There was a time, not so long ago, that I would’ve sworn to you I’d never leave the Mississippi Gulf Coast. But Hurricane Katrina ran us off to Atlanta, and since then my wandering feet have carried me to Europe. Of the last two years, I’ve been there fifteen months.
Of late I seem destined to spend my something-oh birthdays away from home. I turned 40 in Seattle, commuting to the farthest corner of the lower 48 in the months following Katrina. And only a few months ago I turned 50 in a country village in England. Both were pretty darn good substitutes for home, but not quite.
Dad had a bad case of wanderlust, too. He left us for a heavenly destination back in 2011. He must like it, because he hasn’t come back complaining about the traffic or the rates at the Hampton Inn. I miss his unconventional wisdom about now. On getting old he’d impart some profound wisdom like, “never forget how to drive a stick” or “remember that when the seagulls huddle up close together on the beach, a hurricane’s coming”. No matter that hurricanes are rare in England, standard transmissions aren’t.

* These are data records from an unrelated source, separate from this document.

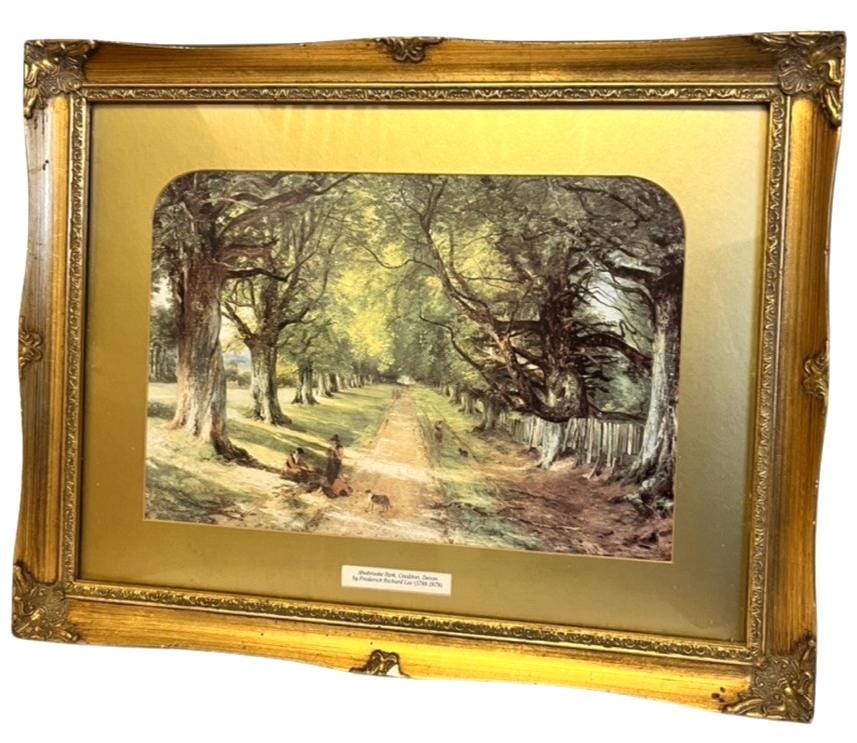 Frederick Richard Lee Print Shobrooke Park Crediton Devon Framed Picture 46cm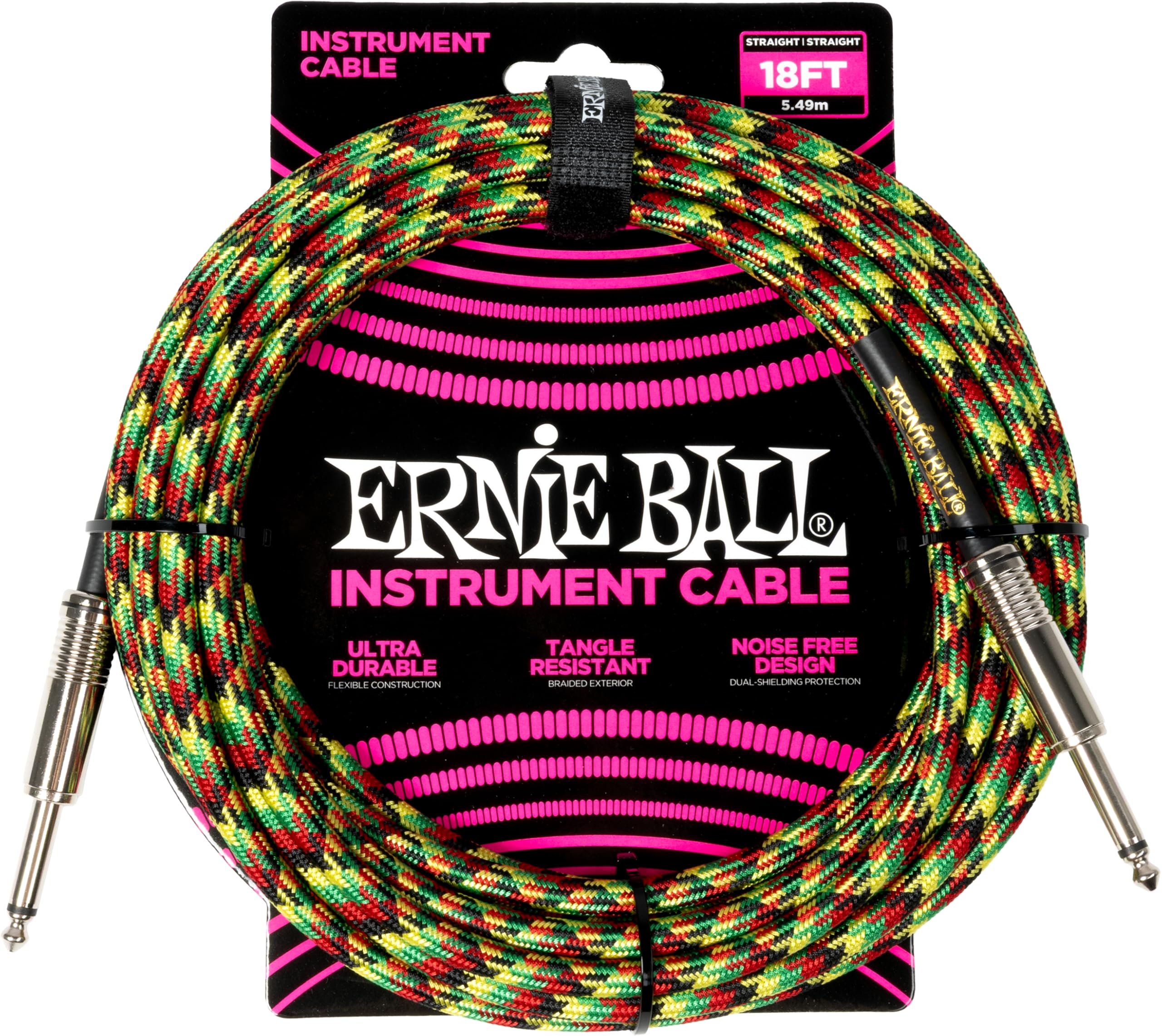 Ernie Ball Braided Instrument Cable Straight/Straight 18ft - Good Vibrations (P06482)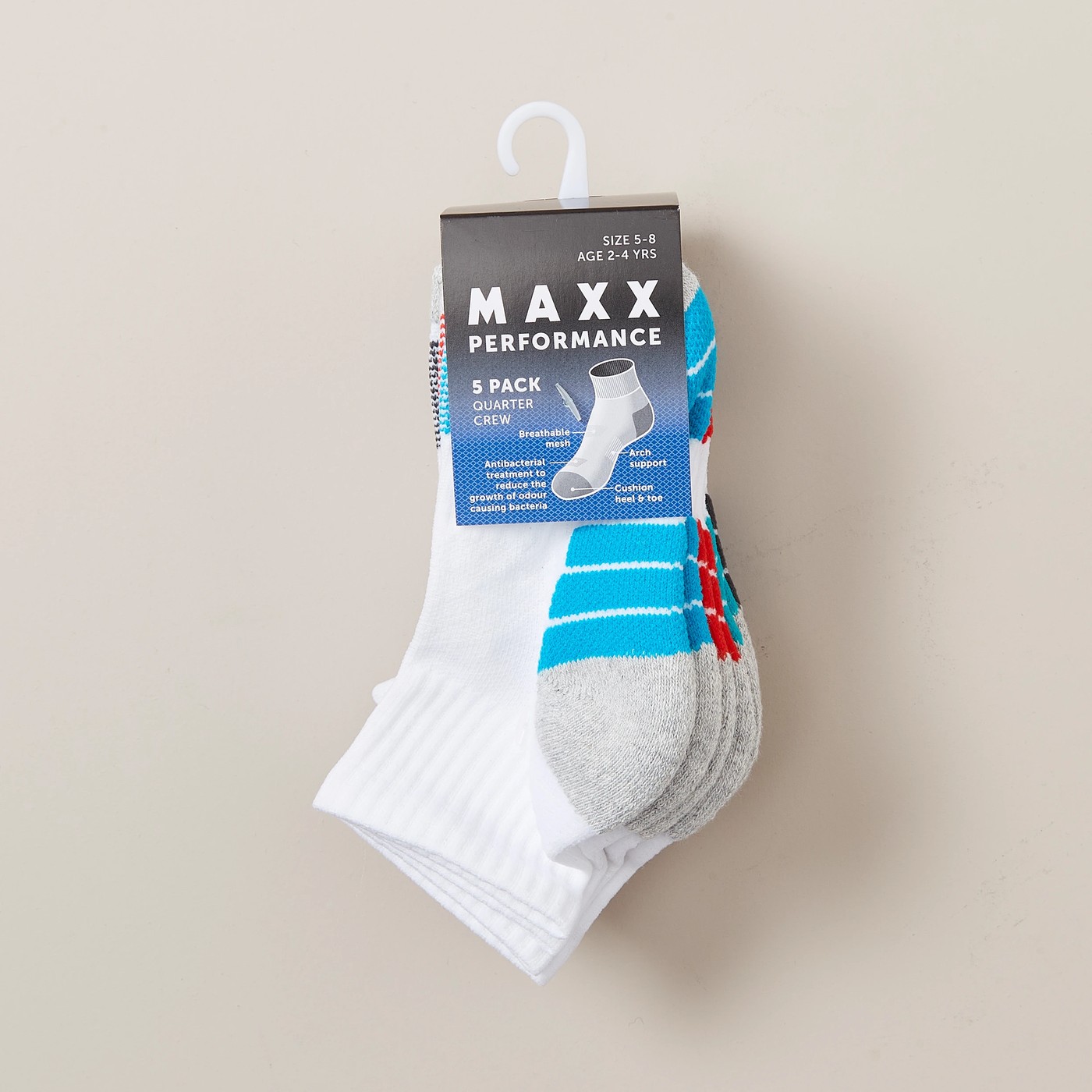 5 Pack Maxx Performance Qtr Crew Socks 3 of 3
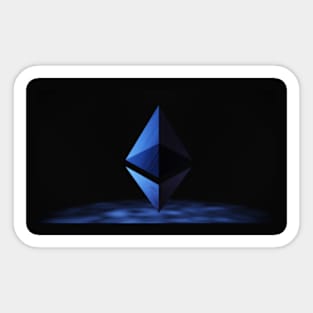 Ethereum logo ina dark backdrop, cryptocurrency Sticker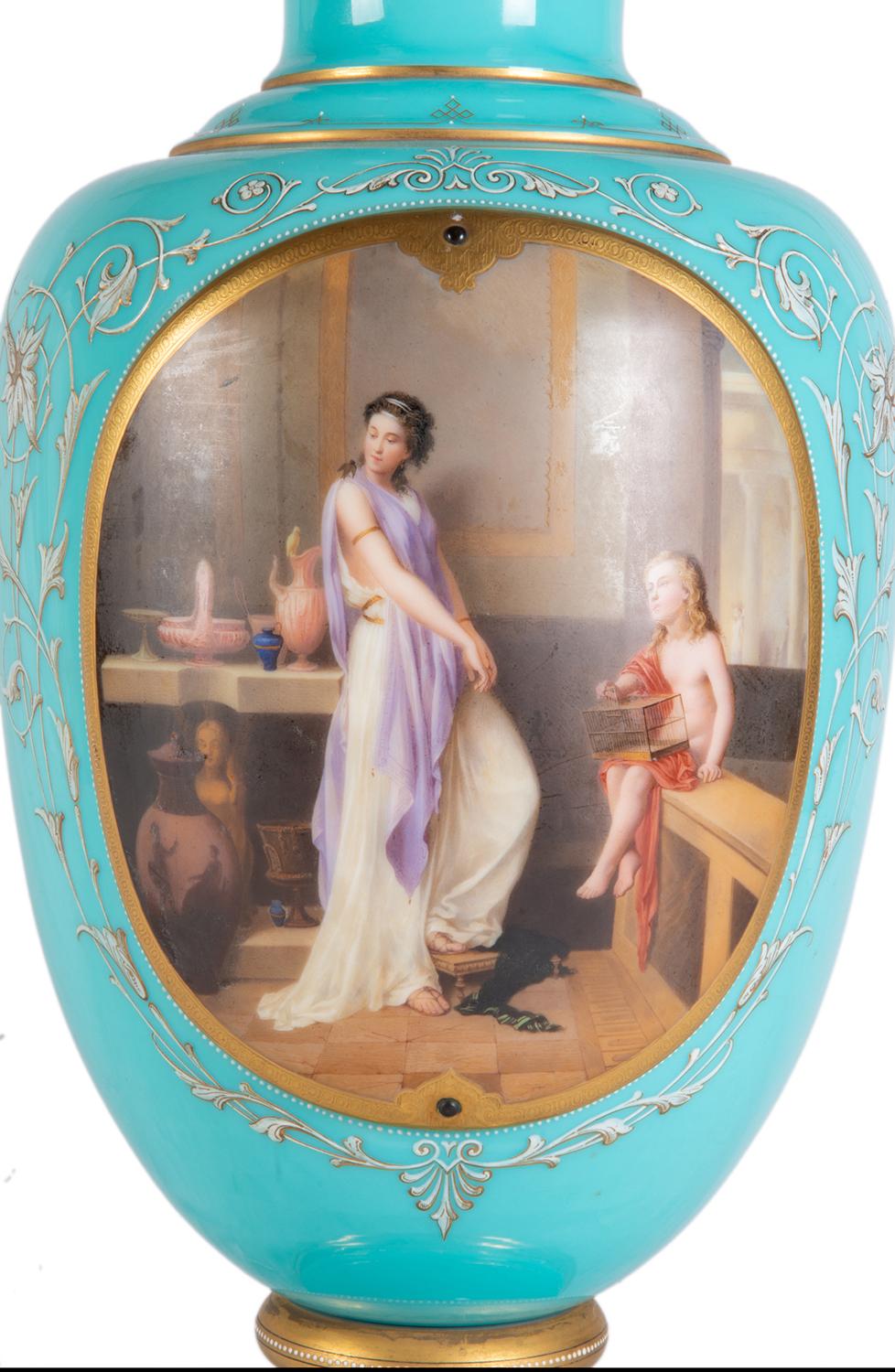 Tchèque Vase / lampe en verre de Bohème, fin du XIXe siècle en vente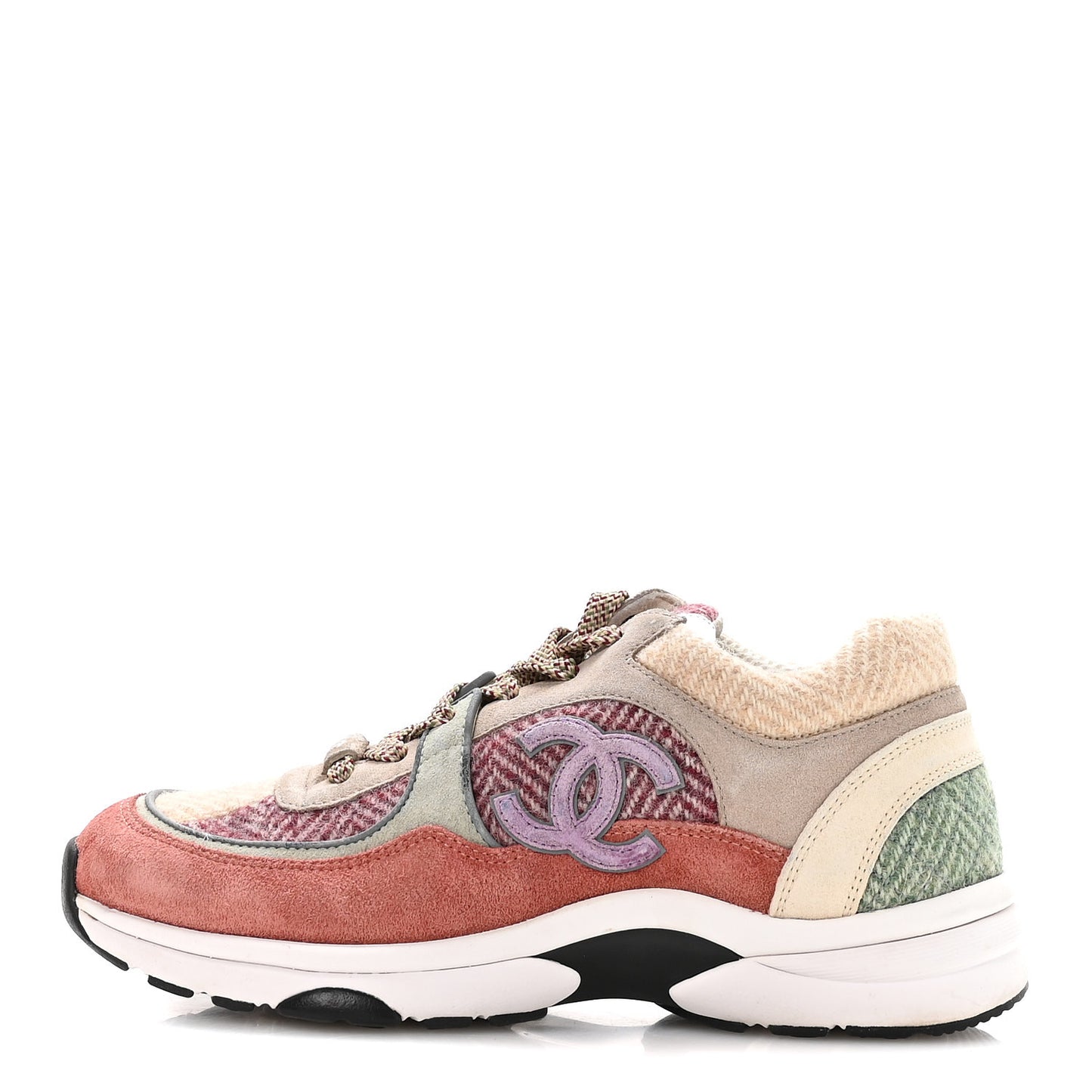 Fabric Suede Calfskin CC Sneakers 39 Pink Beige Multicolor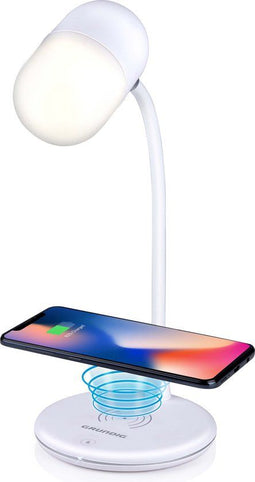 Grundig Bureaulamp Led 3-in-1 - Draadloze Telefoonoplader Qi - Bluetooth Speaker - Wit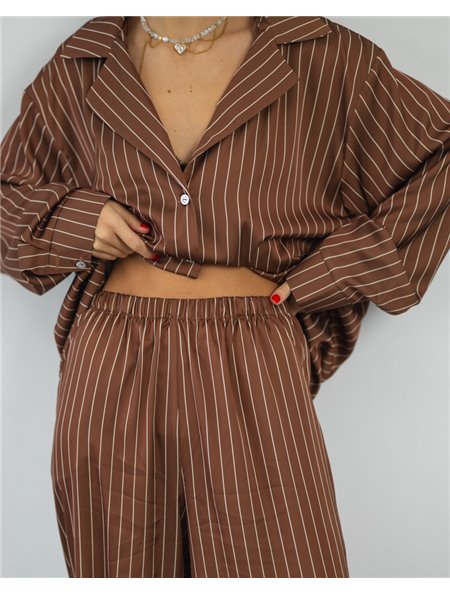 Піжама "Kleo" в смужку шовк Армані + хустинка Коричневий 4661 QC фото - Luxbikini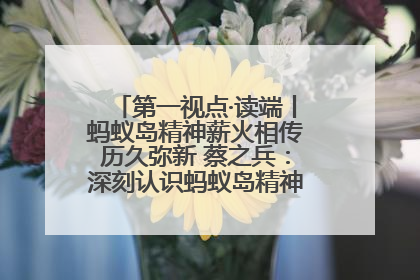 第一视点·读端丨蚂蚁岛精神薪火相传历久弥新 蔡之兵：深刻认识蚂蚁岛精神的“精气神”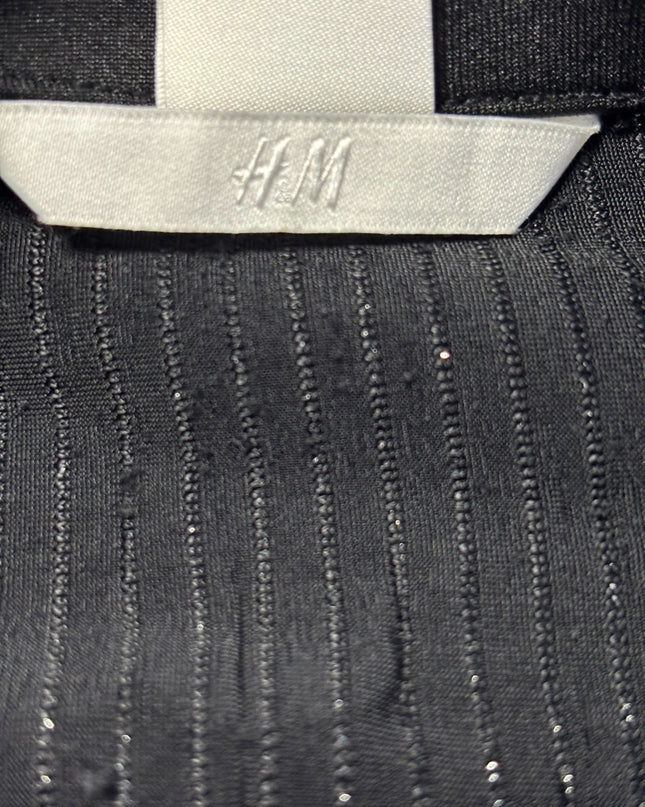 H&M Black Metallic Striped Ribbed Midi Skirt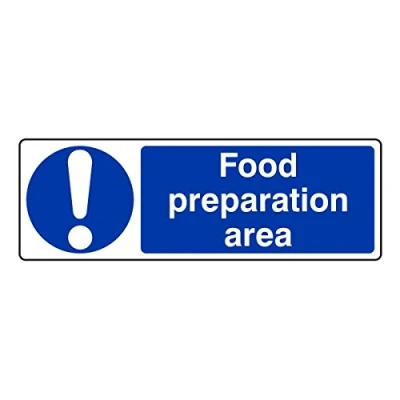 Image of 300mmx100mm Food Preparation Area Catering Sign Rigid Plastic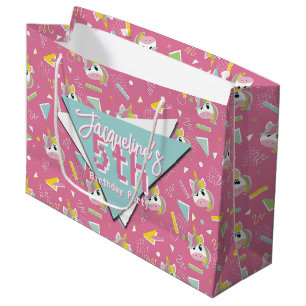Grand Sac Cadeau Filles Retro rose licorne Anniversaire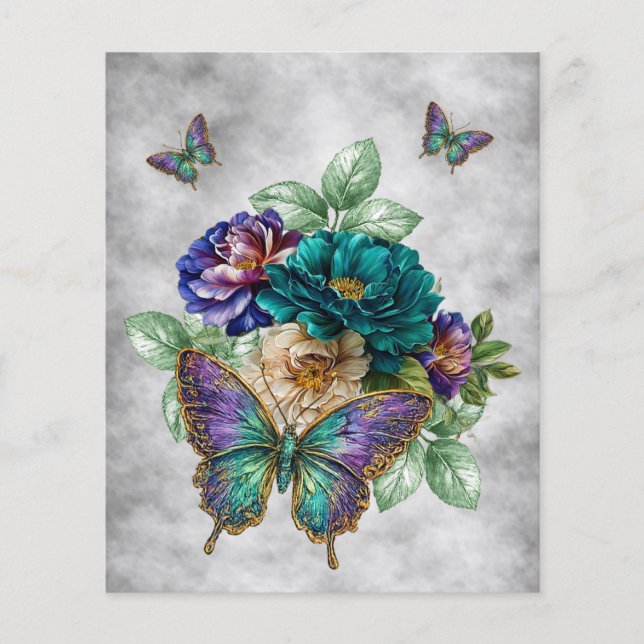 Teal White Purple Florals & Butterflies (Front)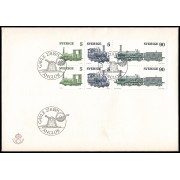 Suecia Sweden SPD FDC 892/94 1975 Locomotoras de vapor Sobre primer día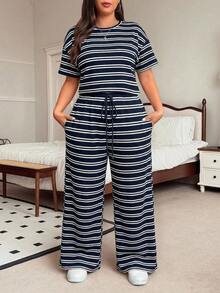 SHEIN EZwear 加大码藏蓝色条纹T恤和裤子休闲两件套，夏季 - 藏蓝色 - 查看 6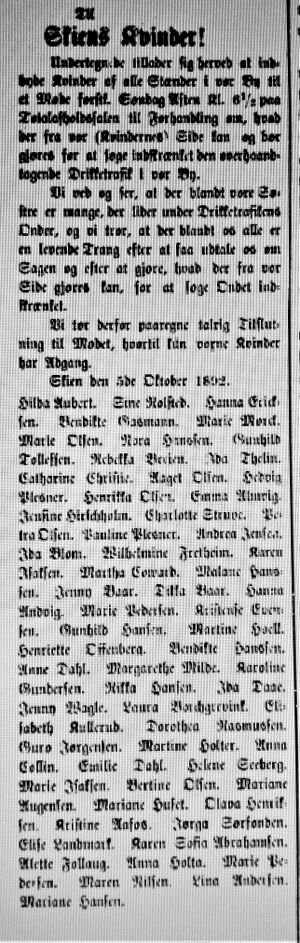 Opprop til Skiens kvinder i Varden 18.10. 1892.jpg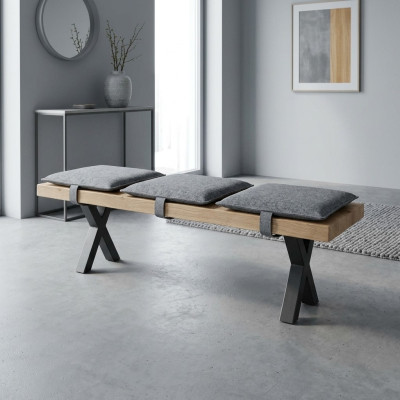 Modern designer wooden bench with upholstered seat for dining room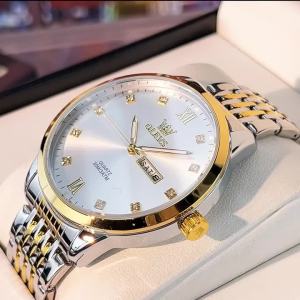 OLEVS | OLEVS Brand Fashion Watch Dual Calendar Night Light Water Resistant Quartz Mens Watch 2943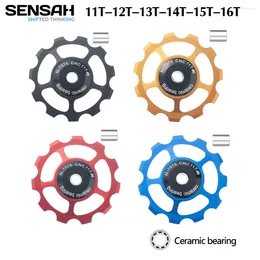 Bike Derailleurs SENSAH MTB Bicycle Rear Derailleur Jockey Wheel Ceramic Bearing Pulley AL7075 CNC Road Guide Roller Idler 11/12/13/14/15T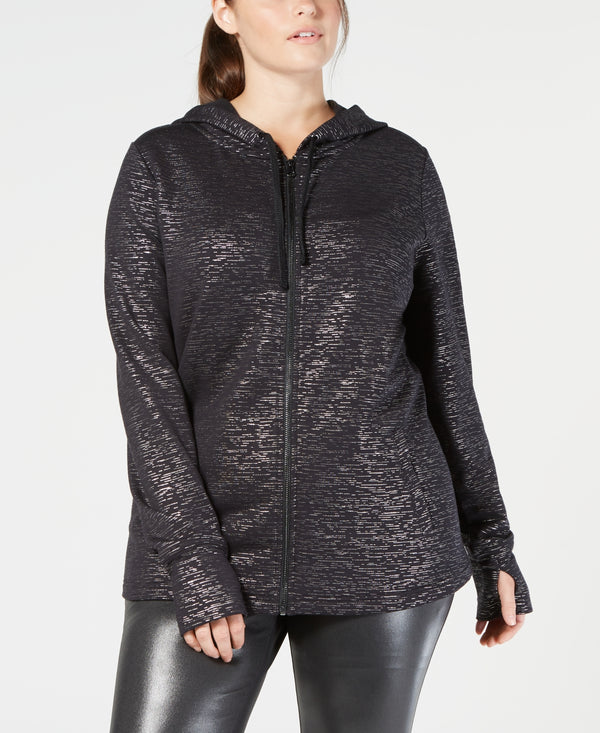 Ideology Womens Plus Size Zip front Active Hoodie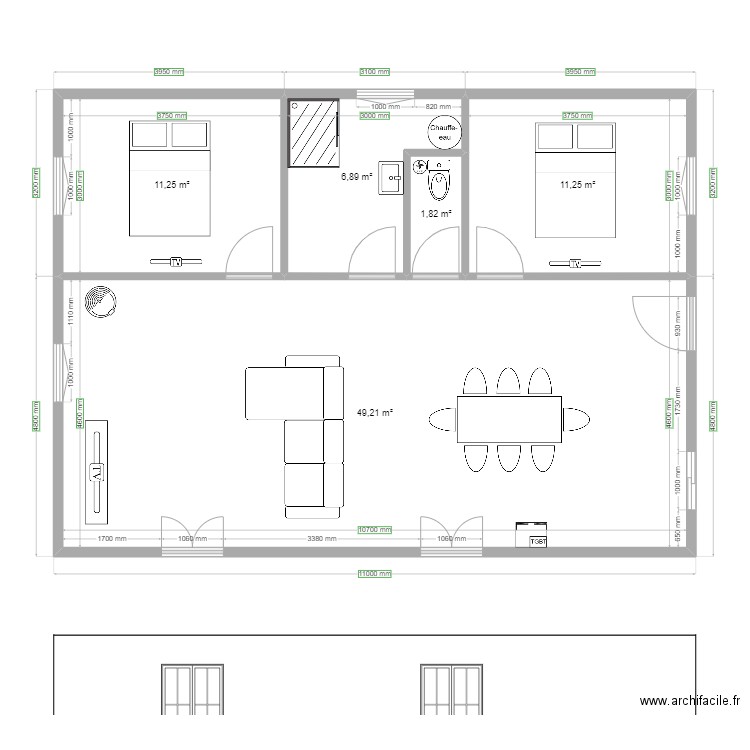Plan de maison 80m². Plan de 5 pièces et 80 m2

Hurricane lore being rather important, I remember Camille and Frederick and Elena and Georges and Katrina. If they were friends on Facebook I’d block them instead of unfriending them because even after all these years I still don’t want to get on their bad side, yet I don’t want to hear what they have to say. It’s a bit of poetic justice that when I mention those names out loud at a café in Zagreb or Warsaw or Amsterdam. or wherever my wanderlust takes me, the people around me don’t have a clue who—what, really—I’m talking about. And it’s not because I’m speaking a foreign language: the whole world speaks English now.
Well, maybe not my particular sort of English. In one moment I speak that unique convergence of New Orleans, southern, and Slavic accents one can find only in and around Biloxi. In the next moment I speak the proper tongue my Mom instilled in me and hundreds of other Gulf Coast natives she taught through the years. I’ve perfected a chameleon accent, from blending into a boardroom at Harvard to dismaying Californians with the admission that I’m from the deepest of the Deep South of Mississippi where, if you went any further south you’d get wet.
You know, if I had a doubloon for every time I’ve been told, “You don’t sound like you’re from Mississippi,” I could start my own krewe. I’ll tell you what: let me spend a minute with my brother-in-law in Gulfport or my Godfather in Pascagoula, and man, oh man, you ain’t never heard somethin’ lain on so thick. But it just sounds so right.
No matter where I am, I see that place, those people, their food, and their language through the eyes I grew up with on the Mississippi Gulf Coast. And the older I get, the more I realize that’s just the way it’s supposed to be. So if ya’ll back home will keep an eye on the seagulls on the beach for me, I’ll try not to forget how to drive a stick.